Goal of the exercise>
Could you give the data that follows again exactly, without its pictures?

Input data>

*** Block opens ***

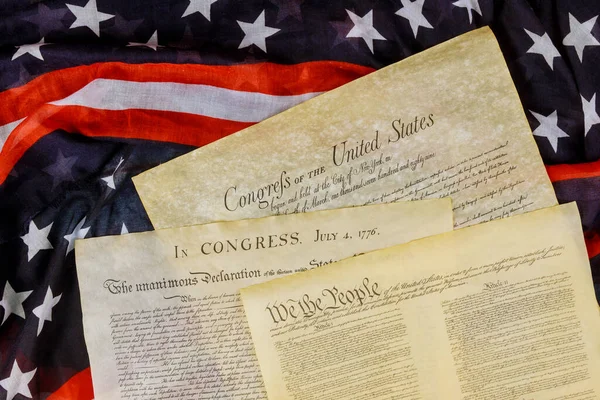 Closeup Replica Document American Constitution People Usa Flag — Stock Photo, Image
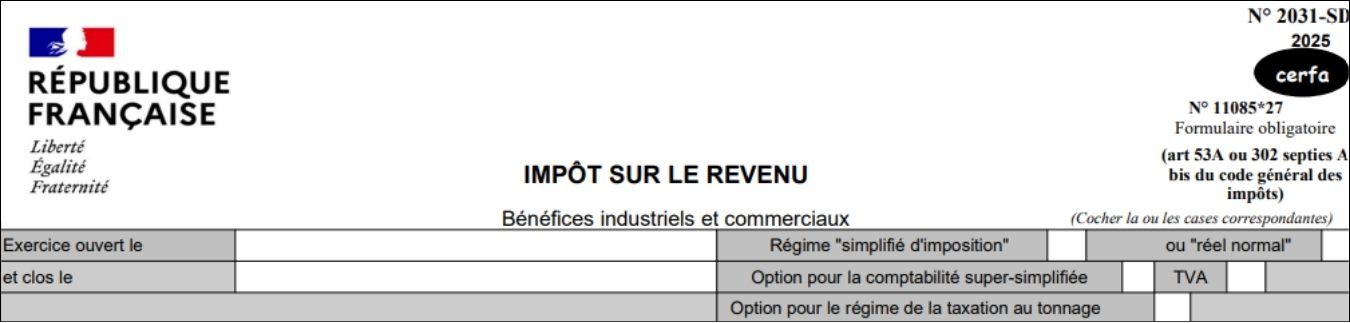 L'en-tête de la liasse 2031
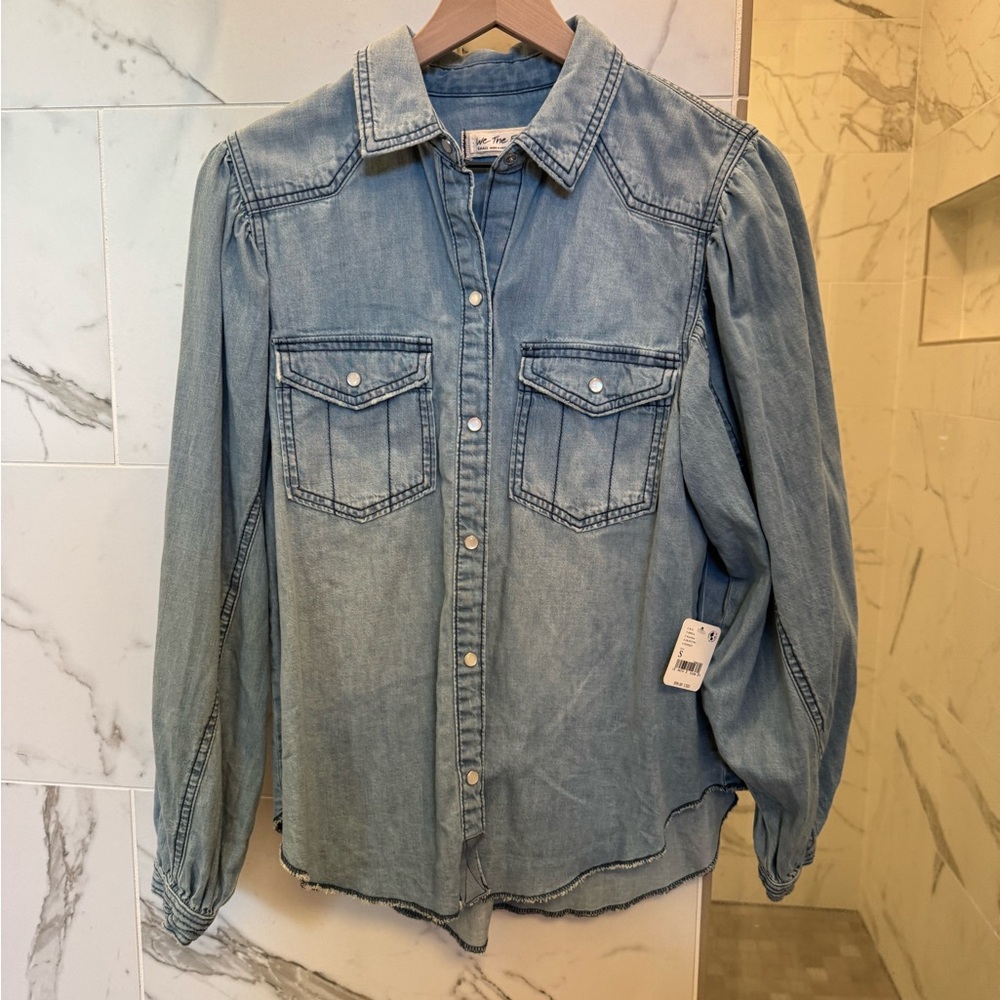 Free people Denim Button-Up Shirt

*** Block closes ***

Result for this exercise>
 Closeup Replica Document American Constitution People Usa Flag — Stock Photo, Image
 L'en-tête de la liasse 2031
 Free people Denim Button-Up Shirt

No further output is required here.